Comme chez les Tchèques avec les compositeurs Smetana et Dvorák, les artistes – le pianiste Chopin, le poète Adam Mickiewicz mais surtout les peintres – vont jouer un rôle capital dans la volonté de préserver l’âme polonaise et de contribuer à l’indépendance nationale. Cet aspect est fondamental et, sous des formes picturales diverses, il parcourt toute l’exposition. La puissance occupante la plus répressive est alors l’empire des tsars. Les insurrections polonaises sont durement réprimées, entraînent exécutions et déportations en Sibérie. On le voit dès la première salle, où une belle toile de Jacek Malczewski montre une jeune Polonaise dans le froid du Nord où elle a été confinée. Par des tableaux de grand format qui sont de véritables « machines » historiques, les artistes exaltent le passé glorieux, sublimé et idéalisé, du royaume des Jagellon (XIVe – XVIIIe s.), qui englobait une grande partie de l’Europe centrale. Il comprenait de nombreuses minorités nationales, tels les cosaques Zaporogues, représentés de manière orientalisante. Les peintres polonais, influencés par les recherches ethnographiques du XIXe siècle, ont cherché à mettre en valeur ces ethnies, leurs chants et costumes traditionnels, comme on le voit bien dans la toile de Wladyslaw Jarocki, Houtsoules dans les Carpates. Alors que la Pologne est surtout un pays de grandes plaines, les peintres ont exalté aussi ses montagnes (Carpates, Tatras vues depuis Zakopane).

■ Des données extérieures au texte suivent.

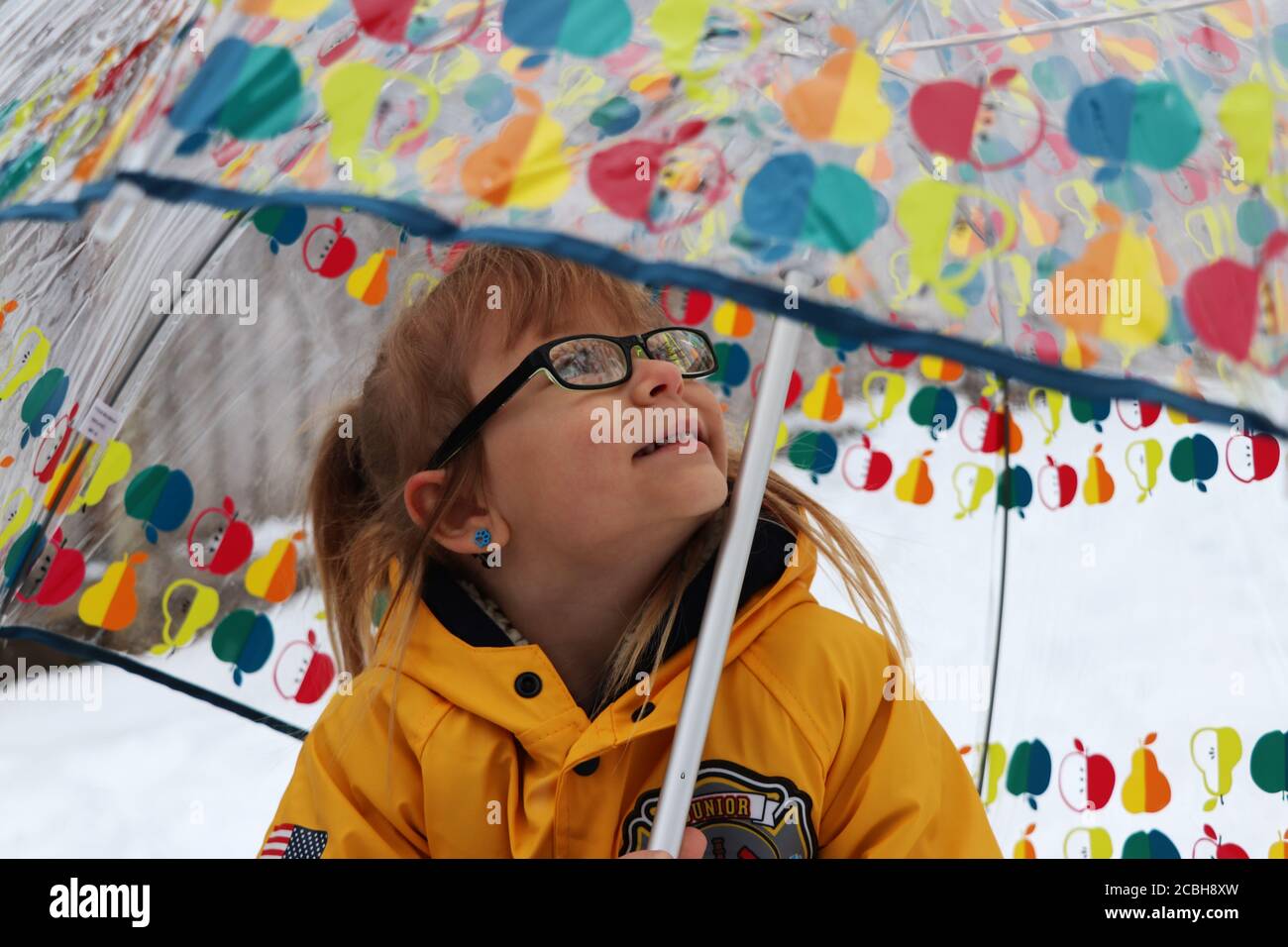 Child under umbrella in snow Stock Photo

Le deuxième étage présente une peinture plus lumineuse, influencée par l’Impressionnisme français et par Gauguin à Pont-Aven en Bretagne. On aimera particulièrement de remarquables paysages, comme Deux lacs de Michalina Krzyzanowska, et d’autres, hivernaux, qui font un peu songer à la peinture scandinave. Certains peintres avaient d’ailleurs des relations avec le Norvégien Edvard Munch. Mais le paysage chez les peintres polonais est souvent chargé d’une valeur symbolique, comme s’il possédait une vie intérieure.

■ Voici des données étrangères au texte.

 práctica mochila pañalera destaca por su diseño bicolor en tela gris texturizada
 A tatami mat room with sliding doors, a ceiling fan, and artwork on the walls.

Si le pays était et reste une terre profondément pieuse et catholique (ce qui la distinguait de la Russie orthodoxe et de la Prusse protestante), les écrivains et artistes se rappelaient aussi qu’il était profondément marqué par la vieille âme slave païenne, avec ses esprits et sirènes maléfiques. Elle apparaît donc dans plusieurs peintures.
Le mouvement symboliste (avec l’influence du Suisse Arnold Böcklin) a joué un grand rôle dans la peinture polonaise des XIXe et début du XXe siècles. Il occupe une place importante au sous-sol de L’Hermitage, tout comme le mouvement moderniste de la Jeune Pologne entre 1890 et 1918. Avec aussi un apport de l’Art nouveau et de l’Art décoratif. On le voit bien dans la toile de Edvard Okuń, Nous et la guerre.
Ces quelque cent œuvres venues du musée national de Varsovie s’inscrivent dans l’approche systémique de L’Hermitage, qui a mis en lumière, ces dernières années, des aspects moins connus de la peinture occidentale, par exemple scandinave, américaine ou belge. L’intérêt de l’exposition actuelle est réel, même si, en dehors de quelques toiles d’une grande valeur picturale, il nous paraît plutôt historique, voire ethnographique, que strictement esthétique.